BEGIN The input
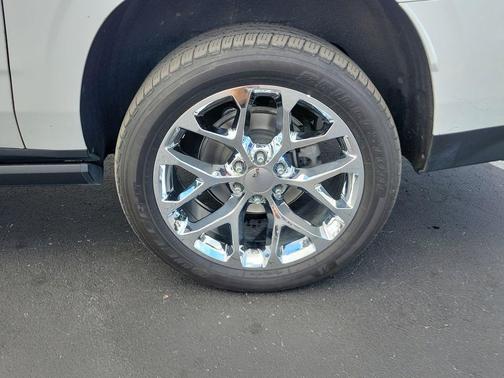 2021 Chevrolet Suburban 2WD High Country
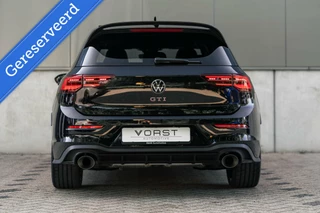 Volkswagen Golf Volkswagen Golf 2.0 TSI GTI Clubsport Akra Pano DSG - afbeelding nr 5
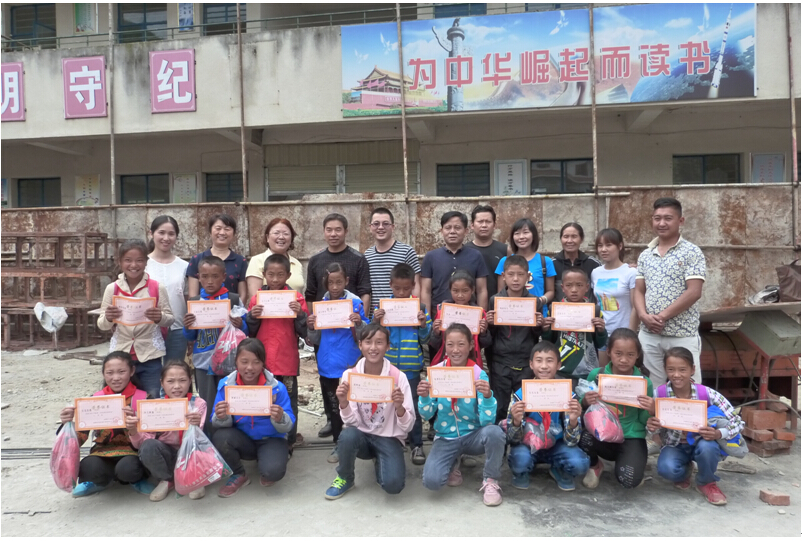 彩虹集團黨支部與學生合影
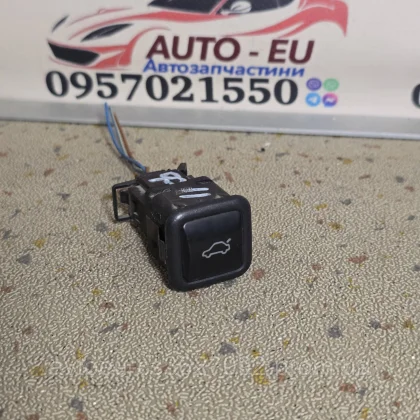 Купити Кнопка открытия крышки багажника Skoda Fabia 2,Шкода Фабия 2 3B0959831 — магазин автозапчастин AutoDetal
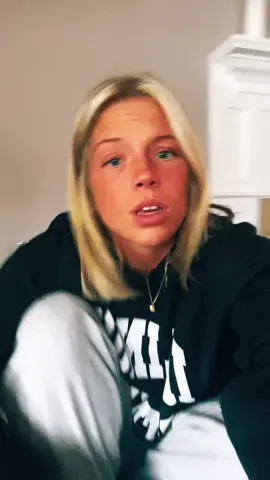 #greenscreen why do i post on here like im famous or something?!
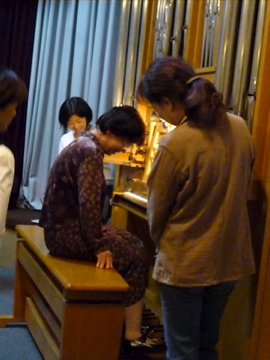 ワークショップ「みんなで弾こう、パイプオルガン!」_b0141416_1671769.jpg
END The input
* What to do *
Write the lines from the line containing "#greenscreen why do" through the last line of the data out again exactly, and only those lines; pictures stay out.

* Solution for this problem *
 #greenscreen why do i post on here like im famous or something?!
 ワークショップ「みんなで弾こう、パイプオルガン!」_b0141416_1671769.jpg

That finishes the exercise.